Although each individual email is likely to be responsible for producing an incredibly small amount of carbon as a proportion of the 435.2 million tonnes of greenhouse gasses produced by the UK last year, there is likely to be a cumulative impact. This impact is likely to be made greater by the sending of “unnecessary” emails.

For example, Ovo Energy commissioned (Censuswide) research shows that the 64 million “unnecessary” emails sent every day could be responsible for contributing 23,475 tonnes of carbon a year to the UK’s carbon footprint. Unnecessary emails are categorised as those sent to friends within talking distance, or those containing replies such as ‘thank you’, ‘thanks’, ‘received’, and similar.

Polluting Anyway?

There is, of course, and argument that whether sending emails or not, having laptops, computers, Wi-Fi routers (and more) switched on all the time is contributing anyway to the production of carbon and that separating out the individual contribution of emails is difficult.
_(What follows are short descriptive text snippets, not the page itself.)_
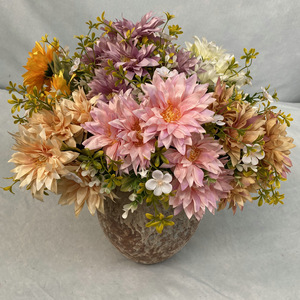 Fleurs artificielles Yiyi, chrysanthèmes queue de phénix, 30cm-100cm, fleurs en soie, décoration de mariage et de maison - Product Image 1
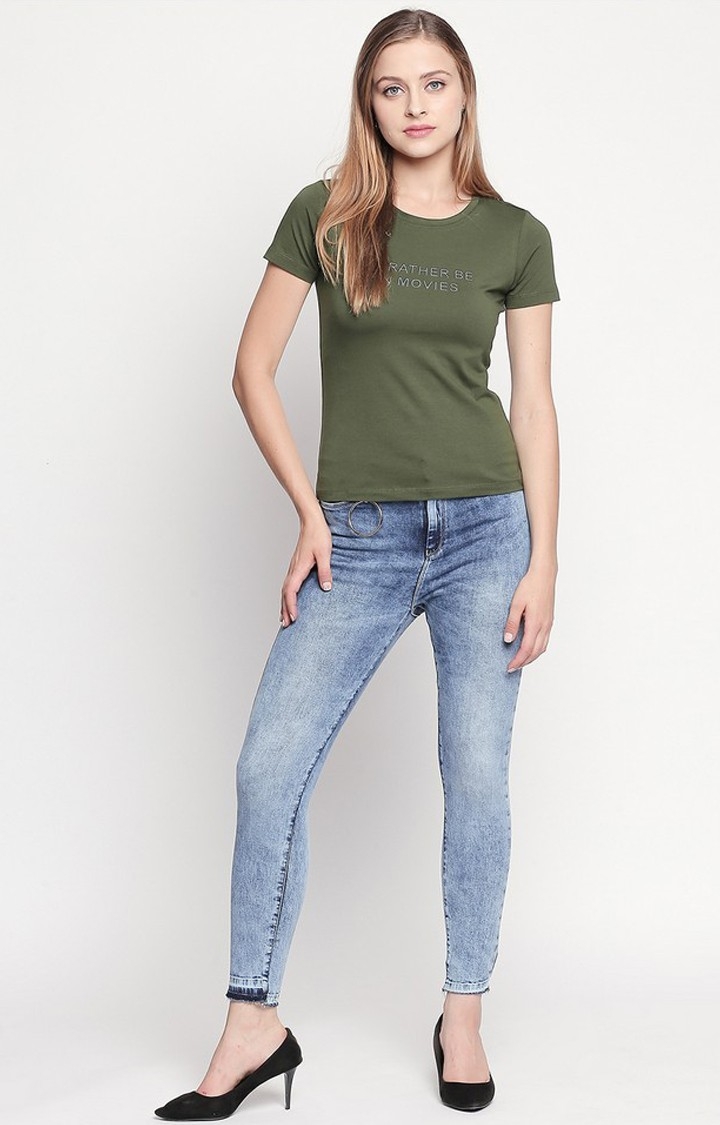 spykar | Spykar Olive Printed Slim Fit T-Shirt 1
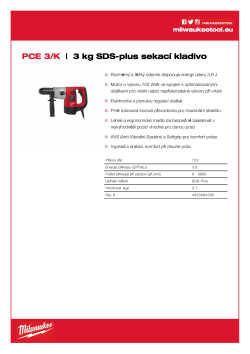 MILWAUKEE 3 kg SDS-Plus sekací kladivo 4933384300 A4 PDF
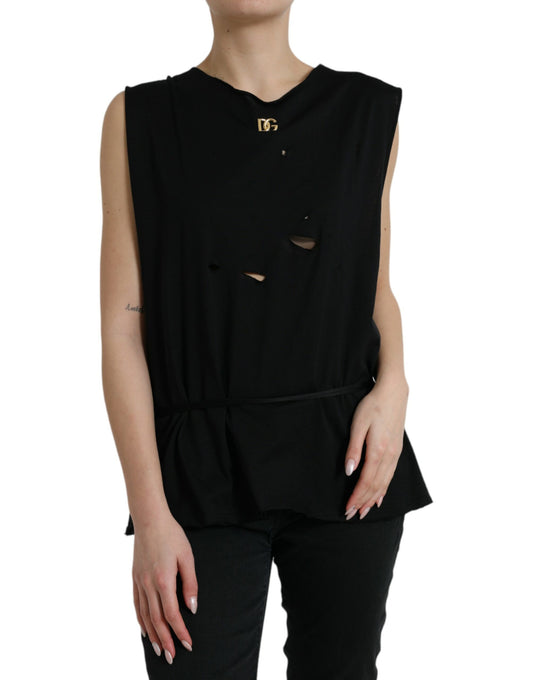Elegante camiseta negra de cuello redondo de Dolce & Gabbana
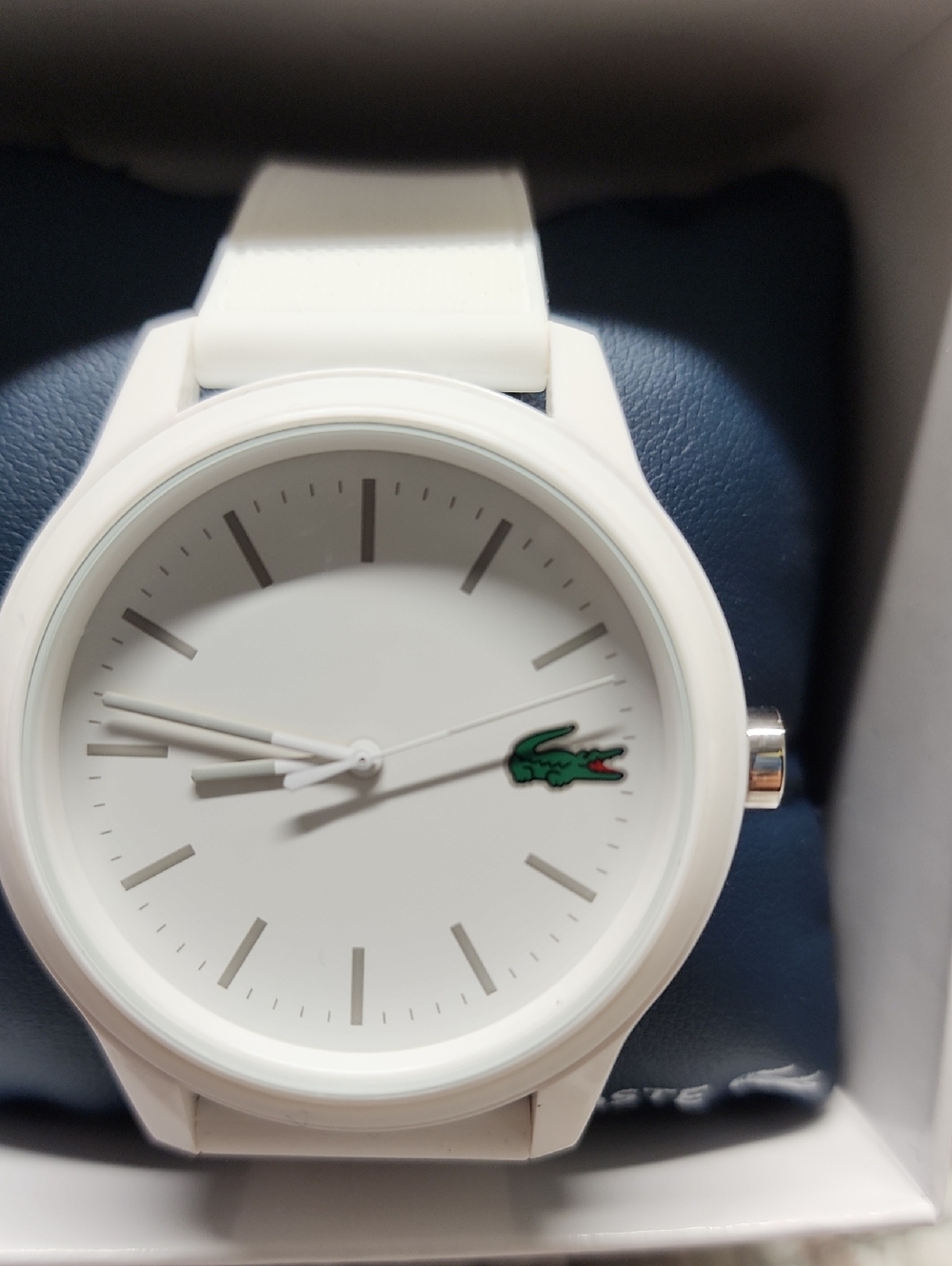 Lacoste White Men's Watch with Green Crocodile Logo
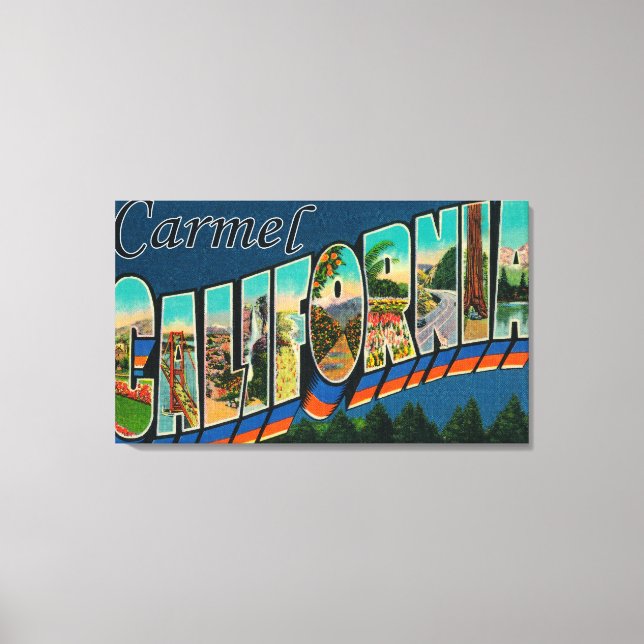 Carmel, California - Large Letter Scenes Canvas Print (Front)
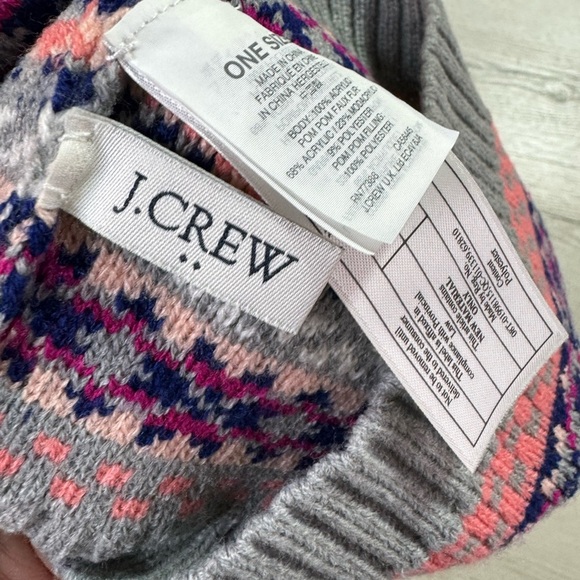 J. Crew Factory Fair Isle Pom-Pom Hat, One size, Gray and Pink - Picture 7 of 10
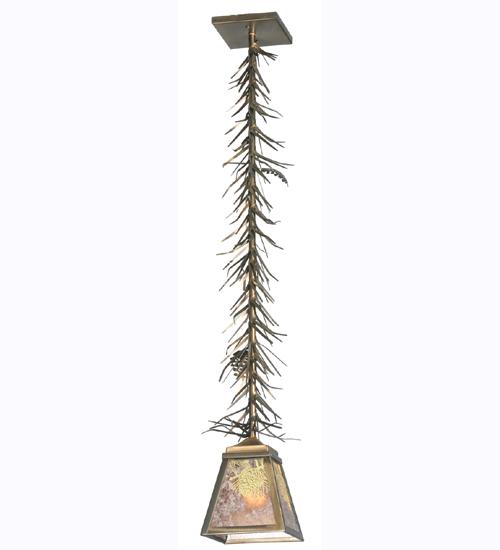 7" Square Winter Pine Mini Pendant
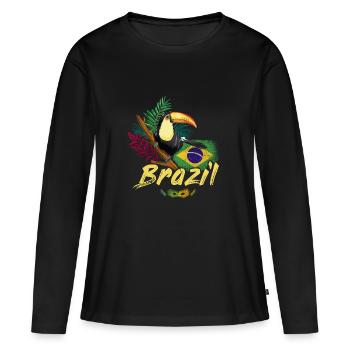 Toucan vintage du Brésil avec drapeau et masque de samba - T-shirt manches longues Premium bio Femme - noir - Devant - Julia (174cm)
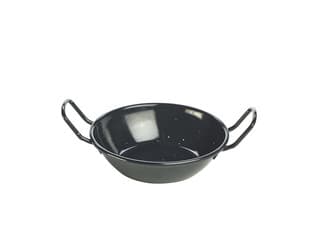 Fekete zománcozott tálka 14 cm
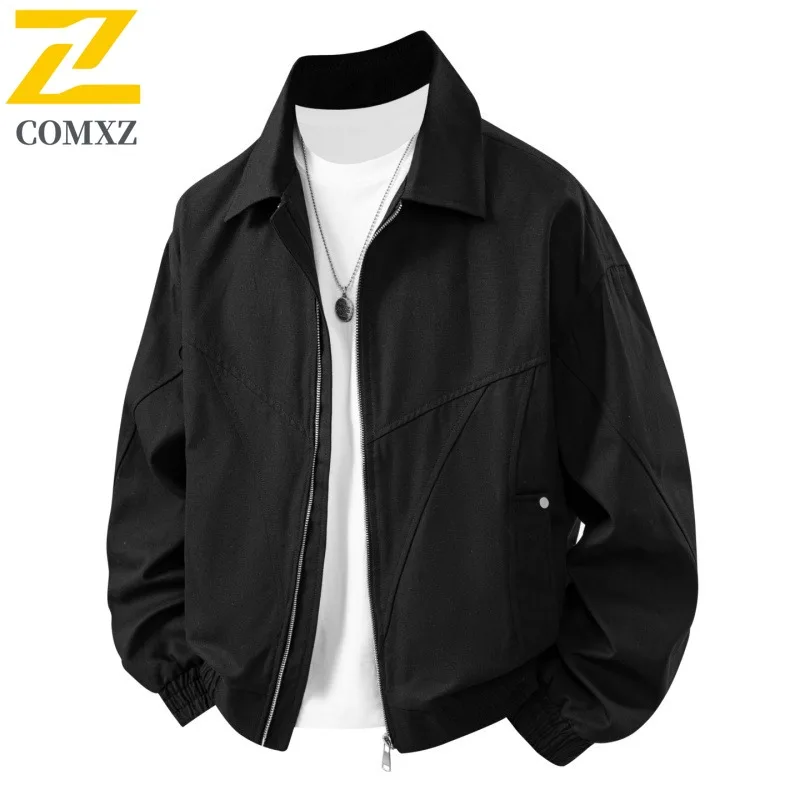 COMXZ Premium Men Jacket Korean Style Fashion Lightweight Coat Casual Daily Style Windproof Spring Autumn Garment
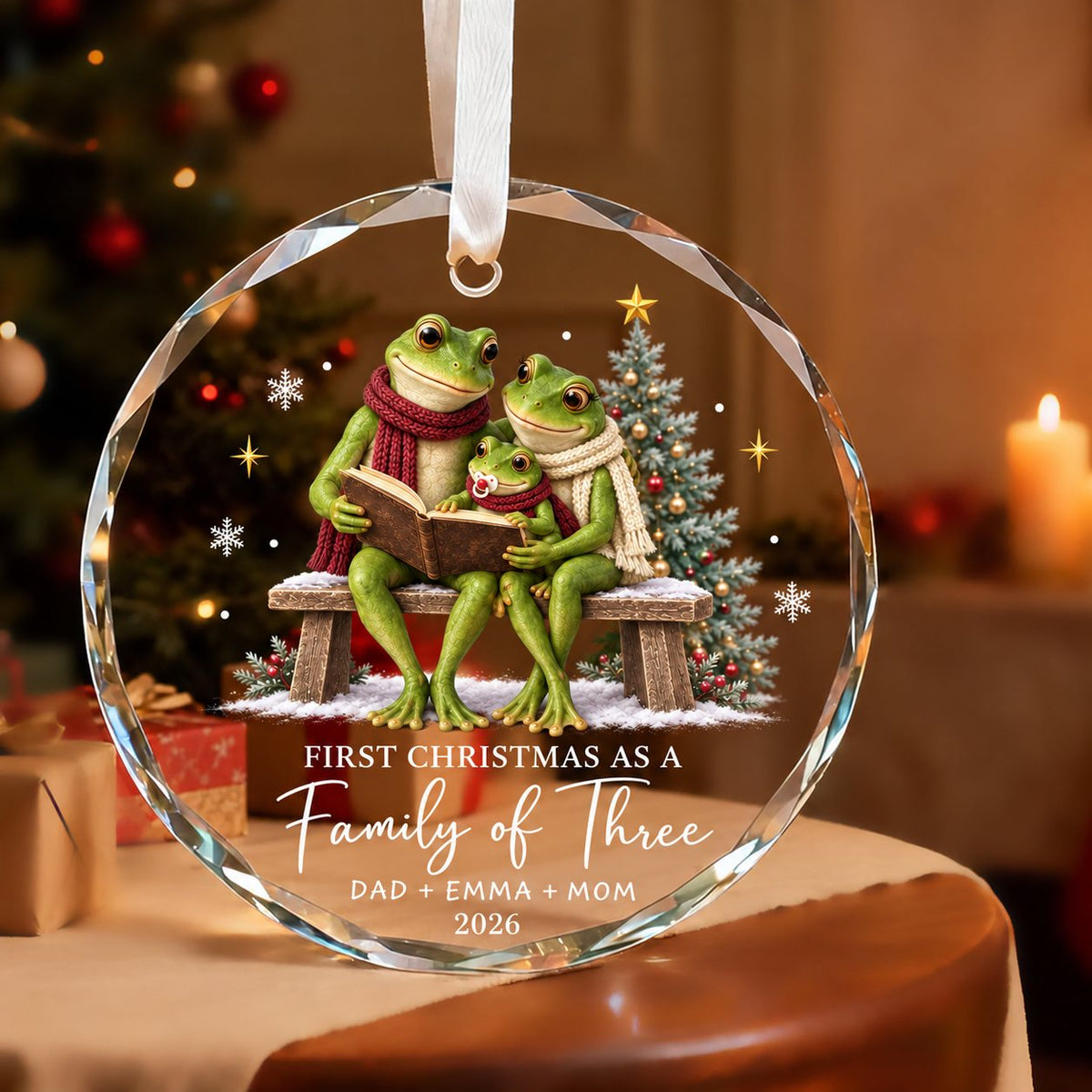 Personalized First Christmas as a Family of Three Frog Glass Ornament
It could also be argued that game and video streaming and cloud storage have more of a negative impact than sending emails.

What Does This Mean For Your Business?

Many bigger businesses and big tech businesses try, where possible, to reduce any obvious environmental impact but also rely upon carbon offsetting and the funding of environmental projects.  Google, for example, says that, due to carbon offsetting, it became carbon neutral in 2007, has now compensated for all of the carbon it has ever created and plans to run all of its data centres on carbon-free energy by 2030. Organisations such as Friends of the Earth which points out that “in most cases, it seems clear that carbon offsetting doesn’t work in practice” and Greenpeace which says that “the way out of the climate emergency is just not that simple” and that “Offsetting projects simply don’t deliver what we need” are clearly more sceptical about offsetting.

Reducing the numbers of “unnecessary” emails sent sounds like a good, time-saving and hopefully, energy-saving idea anyway, but businesses clearly need to look at the bigger picture and concentrate more on higher-impact elements too.